Исследователь коллаборационизма должен выделить три источника и три составные части философии коллаборационизма. Они таковы.
В своих родителях западный коллаборационизм числит философию Просвещения, ставящую разум выше иррациональных схем и верований, политический оппортунизм начала века, адекватно приспосабливающий концепции утопистов к конкретным обстоятельствам, и авангард как могучее движение, отрицающее ценности христианства и подменяющее их ценностями языческой цивилизации.
Тремя составными частями коллаборационизма соответственно являются: философия постмодернизма, подвергшая деструкции директивы прежних теорий; современное искусство, провозгласившее самовыражение основным критерием творчества и движение борцов за права человека, придумавших подходящий лозунг для сегодняшних интервенций и глобальных перемен.
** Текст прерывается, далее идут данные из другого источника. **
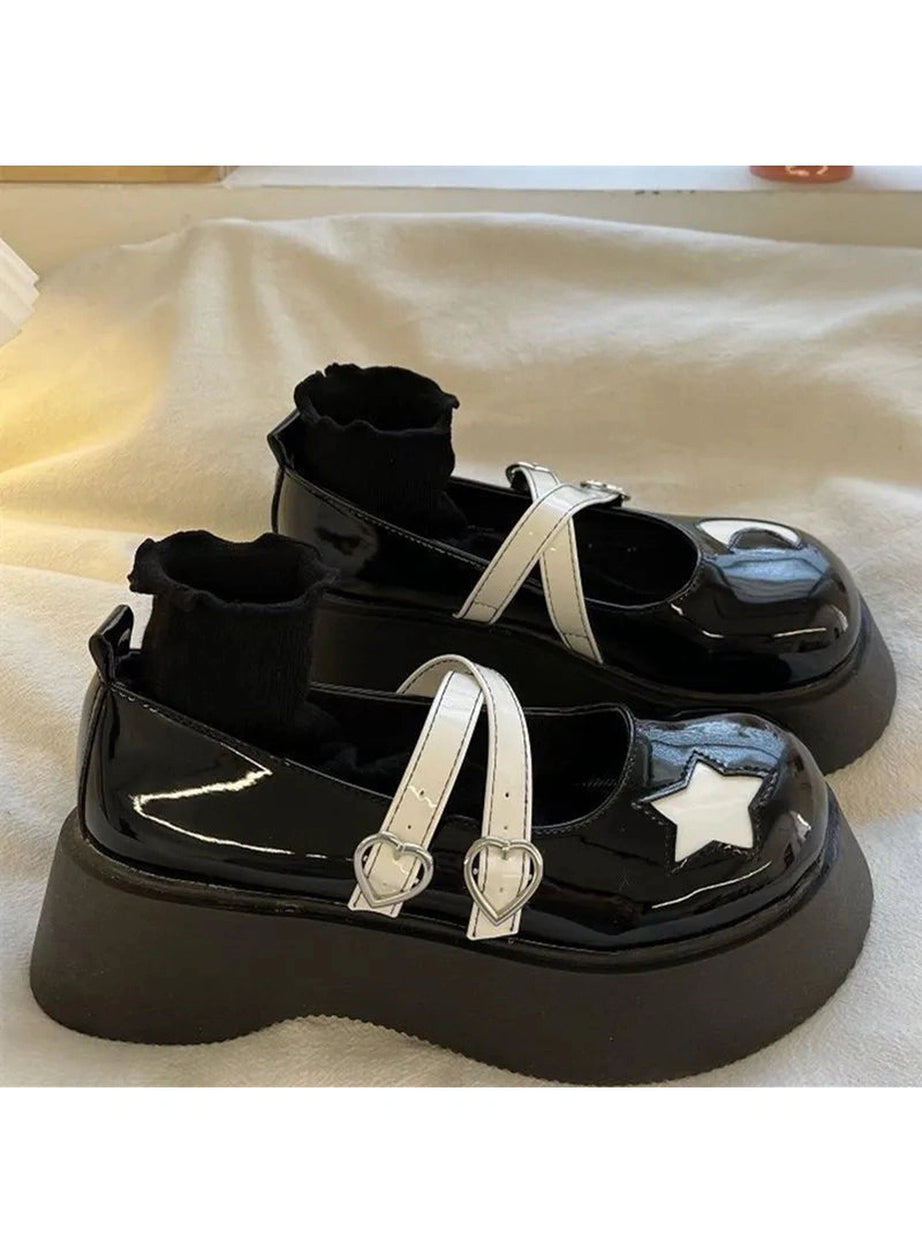 Moon & Star Kawaii Platform Mary Janes Shoes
Вне всяких сомнений, технический аспект борьбы за права человека сводится к тому, что бороться сразу за все права всех людей - невозможно. Лозунг носит всеобщий характер, но практика сужает его действие до рациональных границ. Коллаборационист вычленяет некоторые узловые пункты мира, где права человека представляют наибольшую ценность (речь идет о тех пунктах, где сложилось историческое понятие личности), и ограничивает борьбу этими местами. В других пунктах проблема существует также, и она будет решаться в зависимости от условий и задач основных пунктов.
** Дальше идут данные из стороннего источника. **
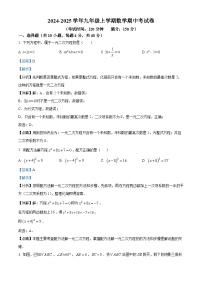 福建省莆田中山中学2024-2025学年上学期期中考试九年级数学试题（解析版）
Коллаборационисту прежде всего необходимо отмежеваться от идей предыдущей эпохи, когда обязанности ставились выше прав - эти посылки рассматриваются как регрессивные. Если коллаборационисту и случается примкнуть к режиму, подавляющему чьи-то права, то делает это он в рамках свободолюбивых наклонностей, сохраняя себя как независимую личность, и не может быть буквально отождествлен с тем или иным режимом. Примыкая к определенной силе (пусть и несколько жестокой силе), коллаборационист тем самым осуществляет: а) свое право на выбор и отказ от суждения (см. философию постмодернизма), б) потребность самовыражения (см. практику современного искусства) и, наконец, в) заботу о своих личных правах. Коллаборационисты, подобно Паунду, поддерживали нацизм, подобно Д'Аннунцио, влюблялись в Муссолини, подобно Дерену и Вламинку, ездили на смотр искусств Геббельса - и выражали себя в этих актах, и разве можно их в этом упрекнуть? Подобно Бродскому, они умудрялись не видеть резни в Сальвадоре и Вьетнаме, пока критиковали афганскую войну, подобно диссиденту Вацлаву Гавелу, они, претерпев лишения при социалистическом строе, делались адептами жестокого строя капиталистического - и неужели разумный человек не поймет здравость их выбора? Подобно Жаку Деррида, они провозгласили решающей философской категорией сомнение, чтобы дезавуировать иную философию, ту, которая поставит под сомнение их собственный жизненный опыт. И постепенно их жизненный опыт, их последовательная страсть к свободе от беды другого, их настоятельная потребность в горделивой моральной слепоте, их безмятежная готовность сотрудничать с любой силой, лишь бы сохранить душевный комфорт, - сделали свое дело. Так оформилась либеральная философия коллаборационизма, важнейшее течение мысли нового времени - философия свободы от любого неудобного убеждения, философия свободы от ответственности, философия разумного эгоизма. Преданность интеллектуальной выгоде сформировало новое героическое, свободолюбивое, пылкое поколение - с одним-единственным дефектом, унаследованным от отцов-основателей; дефектом коллаборационизма является отсутствие совестя. А впрочем, и это суждение излишне поспешно: о какой совести можно всерьез говорить, имея дело с бессовестным миром? Стоять на страже личной независимости - не есть ли это самый совестливый из возможных поступков?
Человек, тем более интеллектуальный, мыслящий человек, настолько хорошо внедрил в свое сознание мысль о свободном выборе, что он не понимает, а что, собственно, запрещает ему выбрать сразу и то и другое? Разве, в известном смысле, это не есть высшая точка свободного выбора? Если плюрализм мнений и прочие либеральные установки - верны, то отчего же нельзя (в рамках плюрализма) быть одновременно и в одной партии, и в другой? Не ущемляет ли свободы призыв выбрать что-нибудь одно? Ситуация в московской интеллектуальной жизни явилась живым подтверждением этого свободолюбивого принципа. Спору нет, интеллектуальное ядро страны расщепилось: два собрания, случившиеся по этому поводу (у Кротова и в галерее Поставца соответственно), явили две противоположно настроенных группы, два непримиримых лагеря. Члены одной партии, разумеется, имели все основания считать членов иной партии - врагами. Однако были и такие интеллектуалы, кто посетил оба собрания, не ощущая особых противоречий. Почему бы, в сущности, и нет? Рабы догмы мы, что ли?